Zeng v The King [2023] WASCA 25 — sentencing patterns and a reasonable range of sentences could not be adduced from only two comparator sentences with factual differences.
*Guidance from these cases has not yet been incorporated into the commentary
1. Overview
Sentencing should be systematically fair and that involves, amongst other things, reasonable consistency.1
However, consistency is not demonstrated by, and does not require, numerical equivalence.2
The consistency that is sought is consistency in the application of the relevant legal principles, contained in Part IB of the Crimes Act 1914 (Cth).3
This requires the treatment of like cases alike, and different cases differently.4
In Hili v The Queen; Jones v The Queen [2010] HCA 45 the majority identified two primary means of achieving consistency in federal sentencing. These are:
Judicial consideration of these two means of achieving consistency, and recent developments on submissions as to sentencing range considered in Barbaro v The Queen [2014] HCA 2 are discussed below.
2. Apply the relevant statutory provisions
The majority in Hili v The Queen; Jones v The Queen [2010] HCA 45 observed that the first and paramount means of achieving consistency in federal sentencing is to ‘apply the relevant statutory provisions’,5 ‘without being distracted or influenced by other and different provisions that would be engaged if the offender concerned were not a federal offender’.6 It is therefore of ‘cardinal importance’7 to begin consideration of the sentencing of a federal offender by examining Part IB of the Crimes Act 1914 (Cth) and any other applicable statutory provisions.8
2.1 Application of state and territory laws and consistency
Part IB of the Crimes Act 1914 (Cth) is not a comprehensive sentencing scheme.9 Some sections expressly pick up and apply the laws of the State or Territory in which the federal offender is sentenced.10 This may result in inconsistency in the sentencing of federal offenders according to where they are sentenced.11
This inconsistency is the result of the policy choice inherent in the Judiciary Act 1903 (Cth) and the Crimes Act 1914 (Cth),12 and the ‘consequence is that some variation in sentencing between different jurisdictions is inevitable’.13 It is however a result of a deliberate legislative choice by the Commonwealth, and ‘[t]he courts must apply that choice, even if the result is a degree of inconsistency in sentencing in different jurisdictions’.14
As such, consistency in federal sentencing may give way to an express provision in the Crimes Act 1914 (Cth) which adopts the relevant state or territory practice. For example, in Bryce v Chief Executive Officer of Customs (No 2) [2010] QSC 125 Fryberg J considered an argument that a court should compensate for differences in State legislation in order to achieve uniformity of federal offenders. The offender’s submission related to s 15A of the Crimes Act 1914 (Cth), which ‘picks up’ certain state and territory laws relating to imprisonment for fine default. Fryberg J stated at [86]:
It may be accepted that such differences should often be taken into account by sentencing judges, but this must be subject to any express provision found in Commonwealth legislation. Section 15A(1) of the Crimes Act, which picks up s 182A of the Penalties and Sentences Act, implicitly recognises the likelihood of differences among the various jurisdictions and makes provision for the modification or exclusion of State laws where that is desired by the Commonwealth. Subject to any laws made pursuant to that provision, the section provides an example of the adoption or acceptance of jurisdictional differences as a matter of federal legislative policy.

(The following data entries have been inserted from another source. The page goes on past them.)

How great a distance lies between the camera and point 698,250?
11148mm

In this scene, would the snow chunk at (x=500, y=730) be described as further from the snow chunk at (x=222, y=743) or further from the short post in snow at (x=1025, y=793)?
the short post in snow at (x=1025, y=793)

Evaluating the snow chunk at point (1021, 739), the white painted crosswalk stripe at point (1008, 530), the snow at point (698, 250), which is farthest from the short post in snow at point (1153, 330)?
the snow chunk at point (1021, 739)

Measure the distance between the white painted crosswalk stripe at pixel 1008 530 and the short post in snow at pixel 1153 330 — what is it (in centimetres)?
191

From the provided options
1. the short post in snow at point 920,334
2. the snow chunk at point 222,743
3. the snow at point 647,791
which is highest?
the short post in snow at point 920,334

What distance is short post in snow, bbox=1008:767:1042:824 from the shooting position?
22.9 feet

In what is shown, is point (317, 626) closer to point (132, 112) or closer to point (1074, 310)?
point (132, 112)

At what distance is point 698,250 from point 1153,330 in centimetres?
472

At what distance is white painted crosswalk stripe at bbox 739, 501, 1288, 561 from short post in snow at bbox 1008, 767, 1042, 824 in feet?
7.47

3. Have regard to what has been done in other cases
3.1 Relevance of past sentences
In seeking consistency, sentencing judges must have regard to what has been done in other cases.15 However, the sentences which have been imposed in the past do not mark the outer bounds of the permissible discretion,15 or fix ‘the boundaries within which future judges must, or even ought, to sentence.’16 Rather, what is important is the ‘unifying principles which those sentences both reveal and reflect.’17
The majority in Hili v The Queen; Jones v The Queen [2010] HCA 45, [54] agreed with the observation by Simpson J in DPP (Cth) v De La Rosa [2010] NSWCCA 194, [304] that past sentences:
… are no more than historical statements of what has happened in the past. They can and should provide guidance to sentencing judges, and to appellate courts, and stand as a yardstick against which to examine a proposed sentence.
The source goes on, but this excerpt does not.